Ketua Fatayat NU Kabupaten Tasikmalaya: Pendidikan Seks Penting Diterapkan Sejak Dini
Sabtu, 25 Desember 2021 | 16:00 WIB
Tasikmalaya, NU Online Jabar
Maraknya pemberitaan mengenai kasus kekerasan seksual terhadap anak akhir-akhir ini, membuat Fatayat Nahdlatul Ulama (NU) Kabupaten Tasikmalaya menggelar seminar dengan tema Membentengi Anak dari Kasus Kekerasan Seksual di Kantor Pengurus Cabang Nahdlatul Ulama (PCNU), Minggu (16/12) beberapa waktu lalu.
Ketua Pimpinan Cabang (PC) Fatayat NU Kabupaten Tasikmalaya Lilik Latifah, mengajak kepada seluruh pengurus Fatayat NU agar menerapkan secara perlahan pendidikan seks kepada anak.
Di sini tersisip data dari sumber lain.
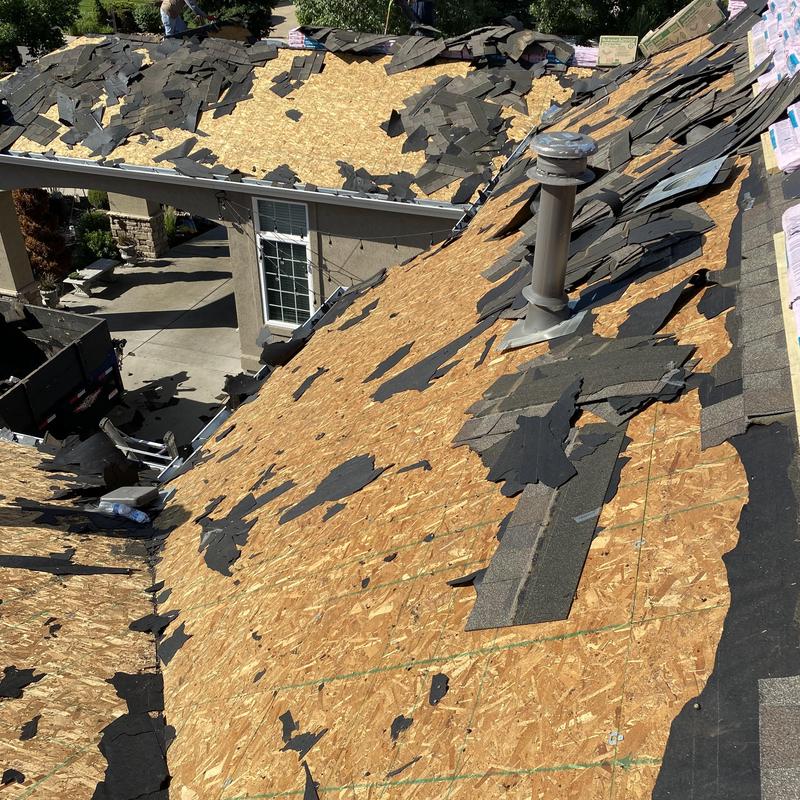 Asphalt shingle roof stripping with exposed plywood decking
Menurutnya, hal tersebut perrlu diupayakan mengingat laporan kasus kekerasan seksual terhadap anak kian hari semakin bertambah termasuk di Kabupaten Tasikmalaya.
"Kabupaten Tasikmalaya menempati urutan ke-4 daerah darurat kekerasan seksual terhadap anak," paparnya.
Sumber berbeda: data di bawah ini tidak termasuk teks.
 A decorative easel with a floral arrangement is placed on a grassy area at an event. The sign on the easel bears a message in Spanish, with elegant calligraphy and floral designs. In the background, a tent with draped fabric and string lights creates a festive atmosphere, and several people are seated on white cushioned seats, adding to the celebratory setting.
Perempuan yang akrab disapa Teh Lilik tersebut mengungkapkan, anak-anak merupakan kelompok yang rentan menjadi korban kekerasan seksual. Adanya relasi kuasa yang timpang antara orang dewasa dan anak-anak dianggap menjadi salah satu faktor kekerasan seksual terhadap anak.
"Penyebab banyaknya anak yang menjadi korban kekerasan seksual adalah karena anak-anak sering dianggap lemah dan dengan mudah dapat dibujuk rayu oleh pelaku" terangnya.
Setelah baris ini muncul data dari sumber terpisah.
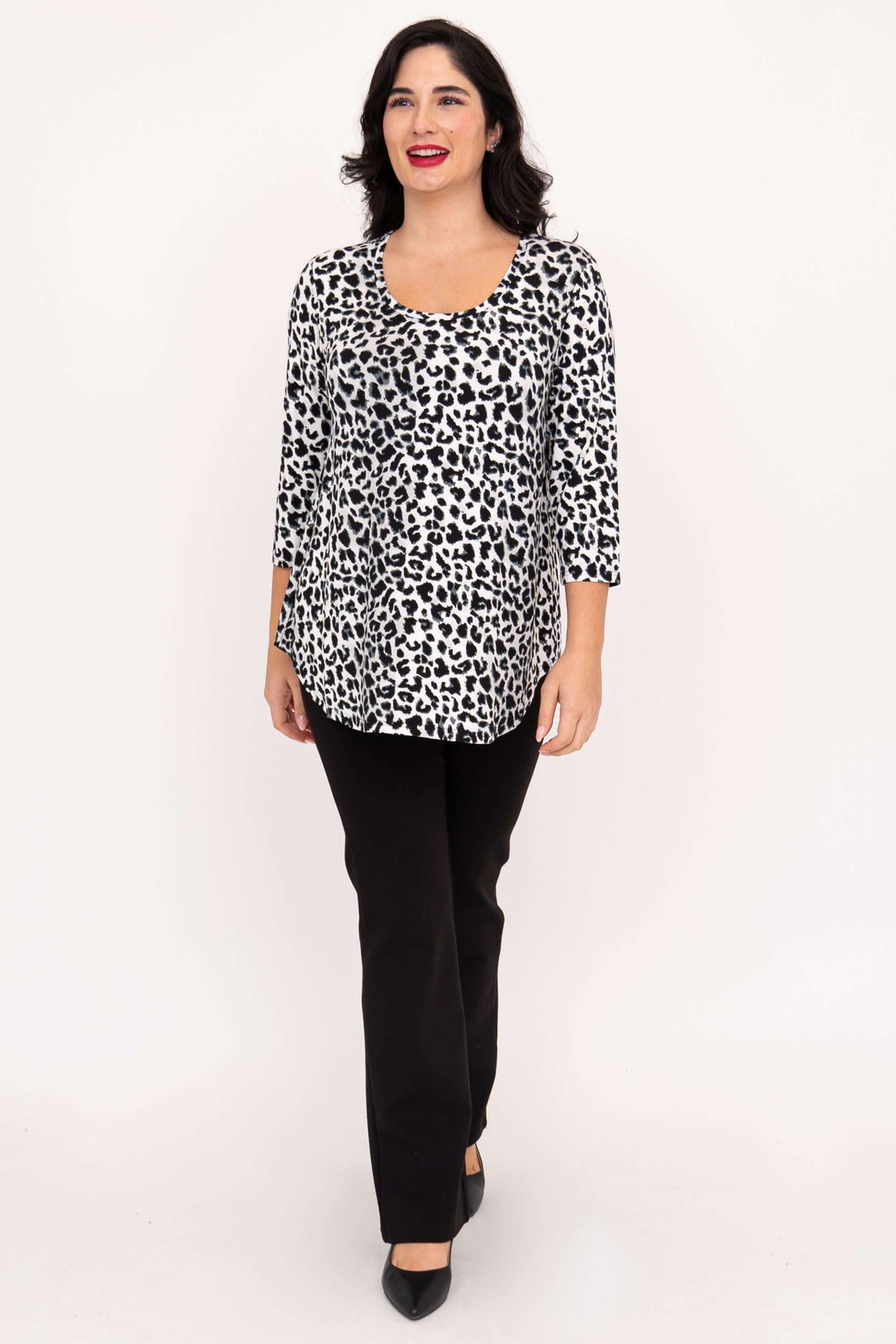 Model walking in snow leopard print bamboo top with 3/4 sleeves and black pants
Ia menyoroti kebiasaan orang tua dalam mendidik anak dengan menggunakan iming-iming hadiah membuat anak mudah dirayu termasuk oleh pelaku kekerasan seksual. Sehingga banyak anak yang mudah diajak untuk mengikuti keinginan pelaku meski hanya dijanjikan uang jajan yang tidak seberapa.
Maka, peran pendidikan seks adalah memperkuat anak supaya berdaya untuk melawan pelaku kekerasan seksual. Teh Lilik menjelaskan, pendidikan seks sudah dapat diberikan kepada anak sejak usia dini.
"Pendidikan seks bisa diberikan mulai dari usia anak 1 tahun. Pendidikan seks yang diberikan dibagi ke dalam beberapa tahapan disesuaikan dengan usia anak," terang Teh Lilik.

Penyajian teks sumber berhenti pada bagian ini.